▶ [ABOUT THIS TASK] Skipping all pictures, please restate word for word the lines from the one that contains "Radiana Plus Size" through the last line of the entries.

▶ [Caption-style text data]
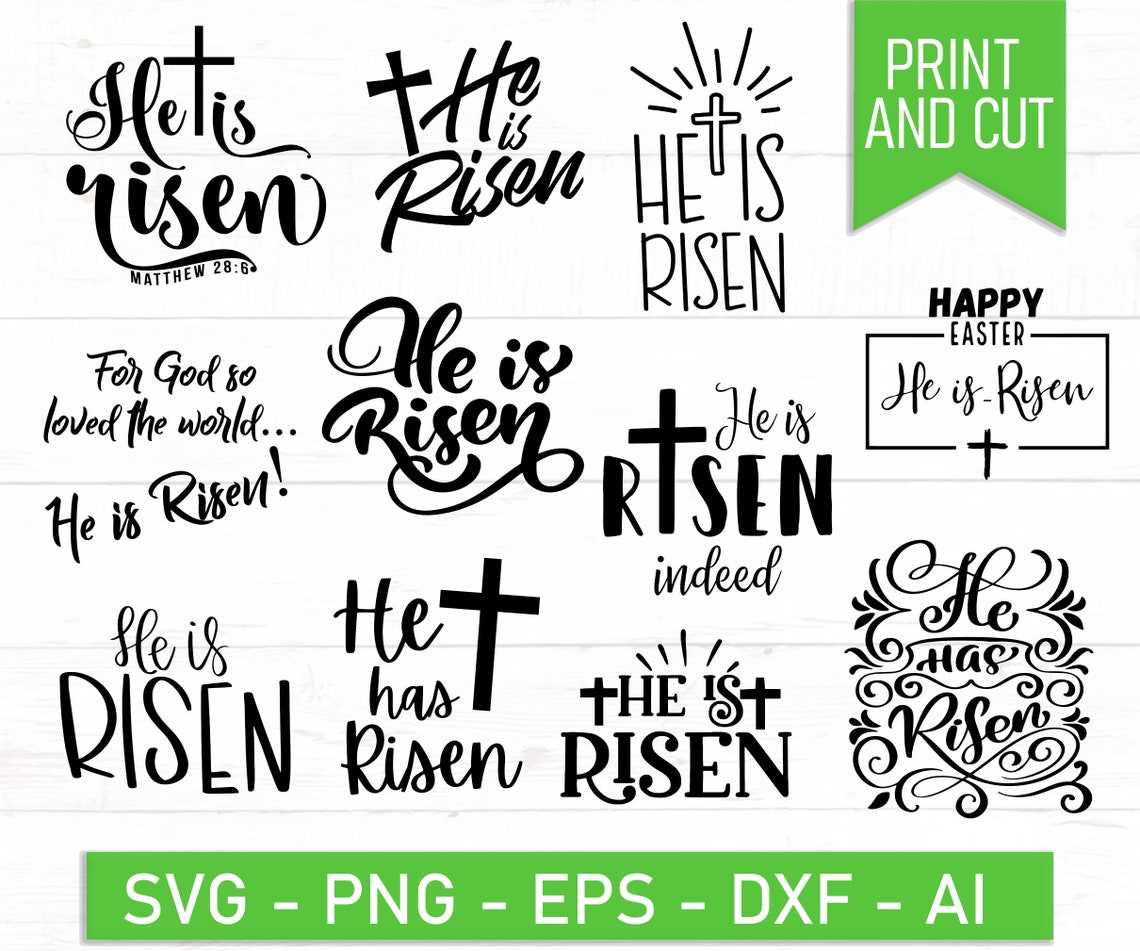 He is Risen Svg, Jesus is Risen Svg, Jesus Easter Svg, Christian Quote ...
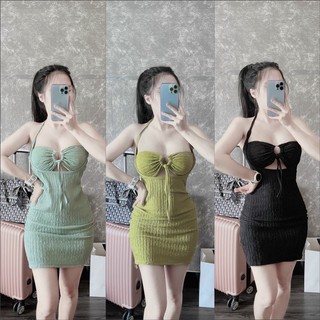ĐẦM BODY CỔ YẾM PHỐI KHOEN DÂY BUỘC DÁNG NGẮN CHẤT XỐP XỊN N03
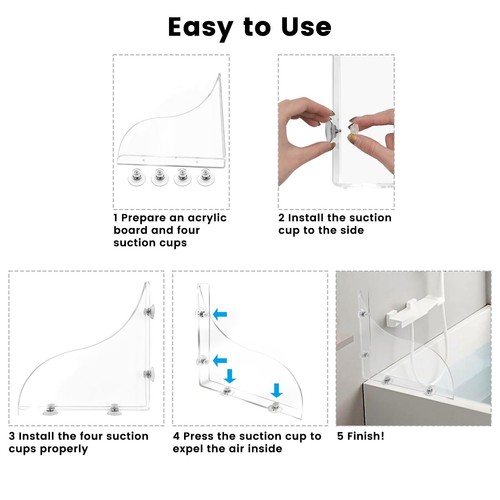 2Pcs Removable 9.06"x7.87" Shower Splash Guard with Silicone Sucker Reusable ... - Picture 7 of 7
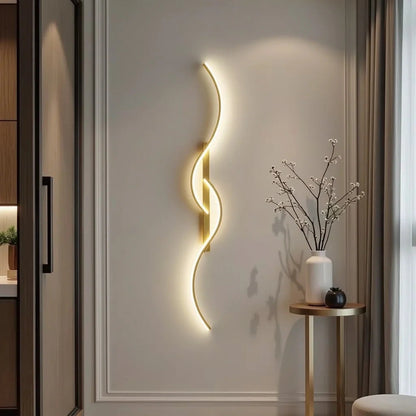 Sleek Contemporary Wavy LED Wall Lamp - Halri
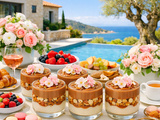 Version brunch floral - verrines crème, muesli et ganache chocolat/caramel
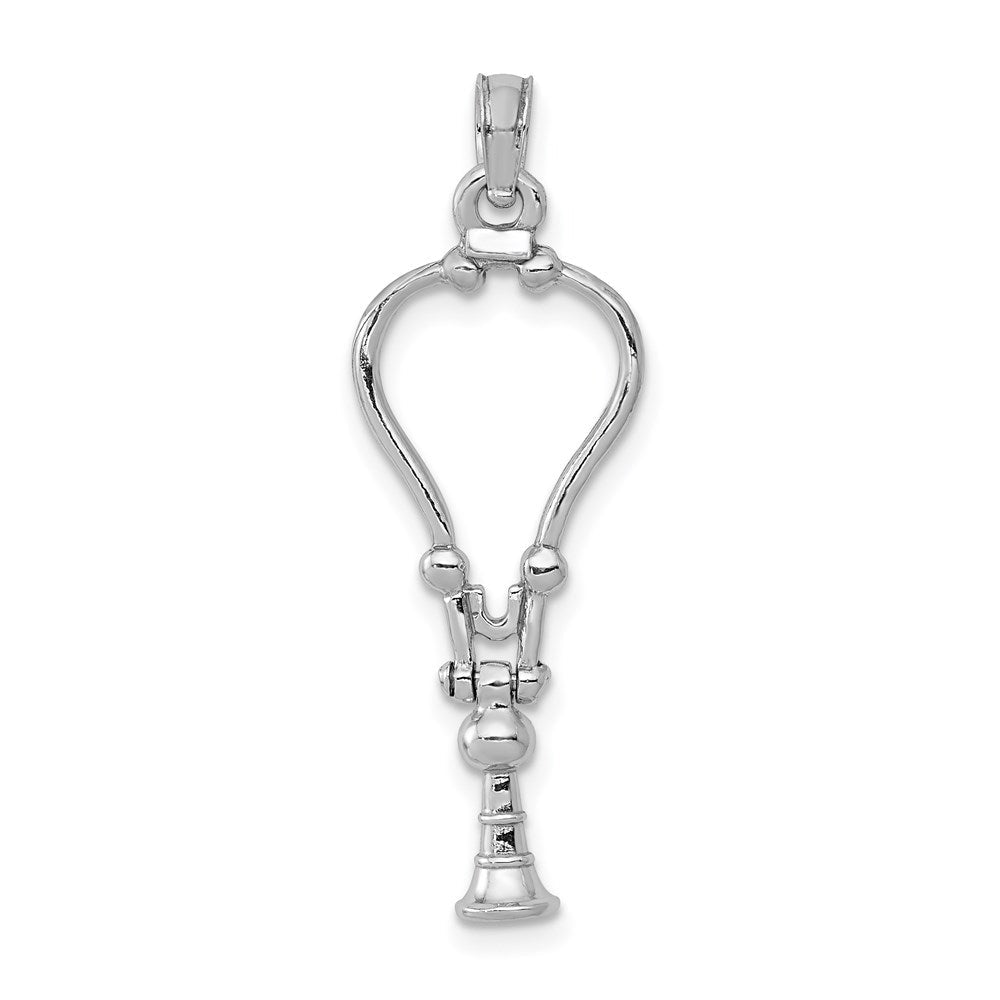 14K Weißgold 3-d Stethoscope Anhänger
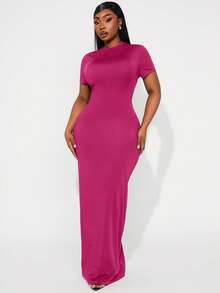 Radiana Plus Size Elegant Solid Color Slim Fit Dress, Summer Mint Green Short Sleeve Maxi Curvy Women Dresses Curve Bodycon Evening Party Date Night Light - Hot Pink - View 5
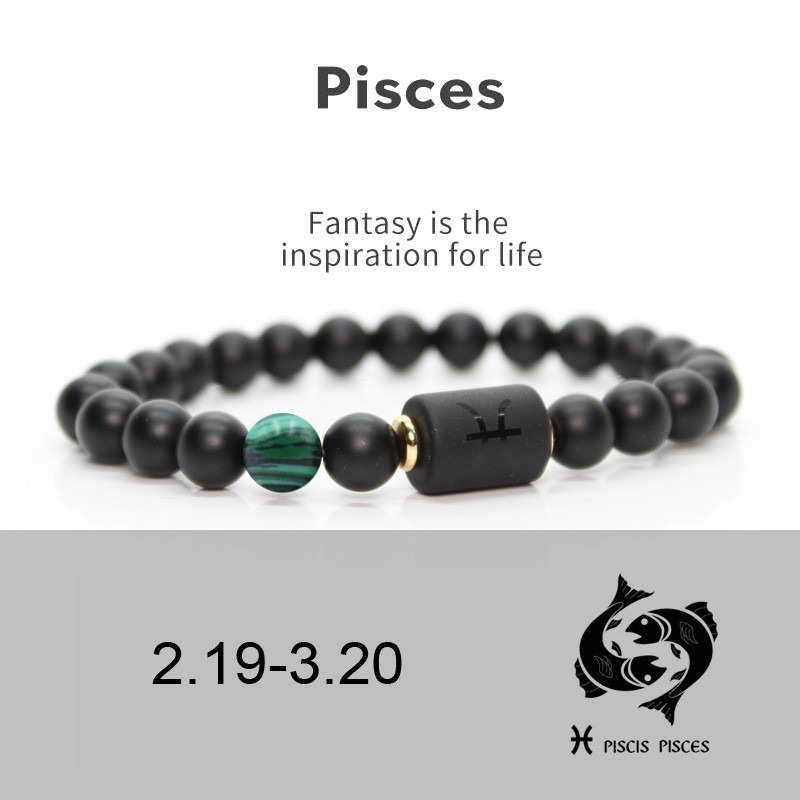 Healing gemstone crystal men's beaded bracelet 8mm matte black glass bead natural stone twelve zodiac signs elastic bracelet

▶ [TASK RESPONSE]
 Radiana Plus Size Elegant Solid Color Slim Fit Dress, Summer Mint Green Short Sleeve Maxi Curvy Women Dresses Curve Bodycon Evening Party Date Night Light - Hot Pink - View 5
 Healing gemstone crystal men's beaded bracelet 8mm matte black glass bead natural stone twelve zodiac signs elastic bracelet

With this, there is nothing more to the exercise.